*Stored data*:

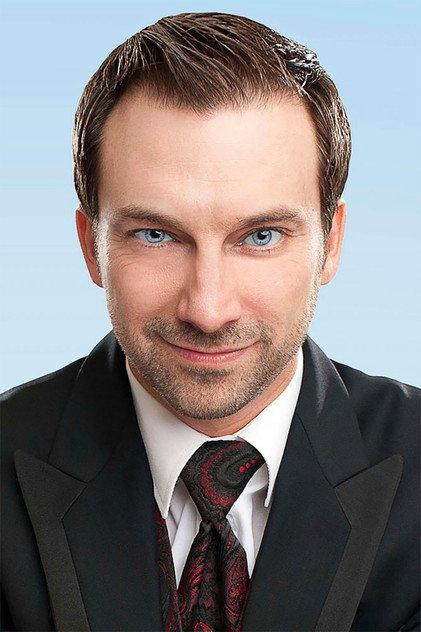 Benjamin Gaillard - Actor Profile Photo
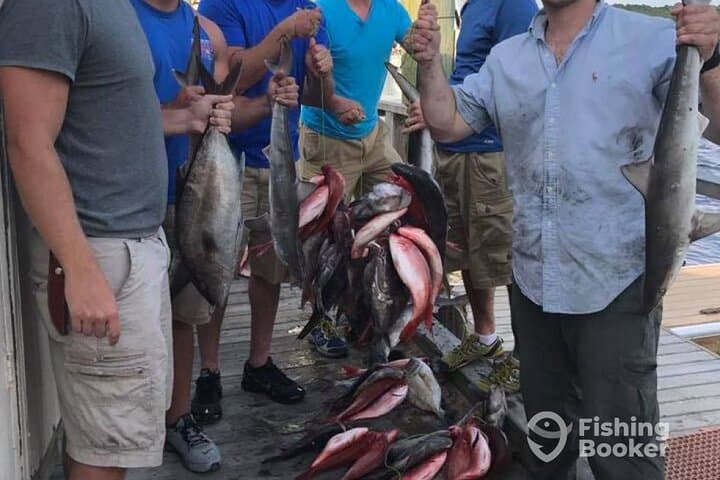 Gulf Stream Fishing Trip from Calabash: Offshore Mahi, Wahoo & Big-Game Action photo 4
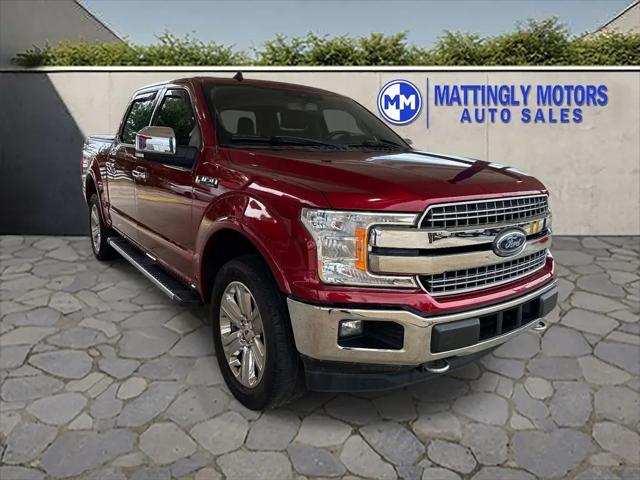 2019 Ford F-150 LARIAT for sale in Metairie, LA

*Assignment*:
Write out the material above precisely, leaving each picture behind.

*Result of this task*:
 Benjamin Gaillard - Actor Profile Photo
 Gulf Stream Fishing Trip from Calabash: Offshore Mahi, Wahoo & Big-Game Action photo 4
 2019 Ford F-150 LARIAT for sale in Metairie, LA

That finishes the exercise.